O sindicalista defendeu que o escrutínio do poder é parte do serviço público que os jornalistas devem prestar e entregou uma queixa na ERC sobre os novos estatutos da Lusa. Sustentou que sem esse escrutínio, o jornalismo perderia a sua função informativa.
Segundo Simões, o episódio em causa ocorreu na última reunião camarária, após a publicação sobre a Casa do Cinema de Coimbra, que indicava risco de perda da licença por não avançar o plano de reabilitação. O jornalista teria solicitado esclarecimentos ao executivo municipal sem sucesso.

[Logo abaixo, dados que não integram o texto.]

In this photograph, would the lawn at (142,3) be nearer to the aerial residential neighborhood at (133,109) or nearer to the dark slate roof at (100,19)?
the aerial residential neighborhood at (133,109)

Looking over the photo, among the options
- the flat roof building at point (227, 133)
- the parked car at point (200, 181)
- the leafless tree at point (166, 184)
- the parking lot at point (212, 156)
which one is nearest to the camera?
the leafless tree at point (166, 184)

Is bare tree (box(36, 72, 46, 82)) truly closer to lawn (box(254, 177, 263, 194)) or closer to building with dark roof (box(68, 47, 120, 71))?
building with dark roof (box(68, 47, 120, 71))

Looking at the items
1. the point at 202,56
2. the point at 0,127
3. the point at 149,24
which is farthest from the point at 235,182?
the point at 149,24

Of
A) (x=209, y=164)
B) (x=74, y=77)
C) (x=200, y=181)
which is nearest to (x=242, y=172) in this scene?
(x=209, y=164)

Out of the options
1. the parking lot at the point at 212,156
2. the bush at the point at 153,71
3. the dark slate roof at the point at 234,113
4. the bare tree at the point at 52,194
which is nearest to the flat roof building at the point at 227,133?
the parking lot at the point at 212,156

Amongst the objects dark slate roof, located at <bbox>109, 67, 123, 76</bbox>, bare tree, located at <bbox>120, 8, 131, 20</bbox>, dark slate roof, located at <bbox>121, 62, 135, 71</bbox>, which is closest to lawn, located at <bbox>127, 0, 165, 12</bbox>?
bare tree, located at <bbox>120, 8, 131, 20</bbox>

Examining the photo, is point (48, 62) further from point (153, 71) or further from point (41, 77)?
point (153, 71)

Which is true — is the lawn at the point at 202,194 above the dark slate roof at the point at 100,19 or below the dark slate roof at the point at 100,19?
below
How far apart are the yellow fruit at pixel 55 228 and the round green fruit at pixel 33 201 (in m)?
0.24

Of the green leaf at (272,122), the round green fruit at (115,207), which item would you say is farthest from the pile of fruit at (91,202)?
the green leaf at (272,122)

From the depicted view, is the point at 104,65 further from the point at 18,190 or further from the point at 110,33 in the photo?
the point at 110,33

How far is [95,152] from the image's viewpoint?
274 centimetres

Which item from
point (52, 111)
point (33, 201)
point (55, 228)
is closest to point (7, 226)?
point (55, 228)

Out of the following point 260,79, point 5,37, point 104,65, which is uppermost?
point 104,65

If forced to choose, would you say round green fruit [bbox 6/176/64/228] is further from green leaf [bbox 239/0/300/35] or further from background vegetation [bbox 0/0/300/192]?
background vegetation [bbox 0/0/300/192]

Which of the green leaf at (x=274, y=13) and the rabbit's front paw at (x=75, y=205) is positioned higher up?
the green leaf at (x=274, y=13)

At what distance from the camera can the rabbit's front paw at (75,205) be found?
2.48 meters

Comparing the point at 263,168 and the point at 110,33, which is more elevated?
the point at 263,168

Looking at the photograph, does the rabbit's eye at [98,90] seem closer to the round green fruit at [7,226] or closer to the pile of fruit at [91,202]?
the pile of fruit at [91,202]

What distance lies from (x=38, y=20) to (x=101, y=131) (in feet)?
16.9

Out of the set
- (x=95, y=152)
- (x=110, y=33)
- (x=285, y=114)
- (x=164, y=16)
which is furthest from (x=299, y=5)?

Reação da Lusa e posição institucional
A Direção de Informação da Lusa enviou uma carta à presidente da Câmara de Coimbra, repudiando as acusações veiculadas durante a reunião. Em nota, a DI afirma que as acusações são infundadas e difamatórias, e reitera a confiança no trabalho de Gaspar, que apenas informou sobre a situação da Casa do Cinema.
A DI sublinha que Gaspar limitou-se a apresentar o tema e a questionar o município, tendo publicado a notícia apenas nove dias depois, após insistência direta junto à responsável pela comunicação do órgão.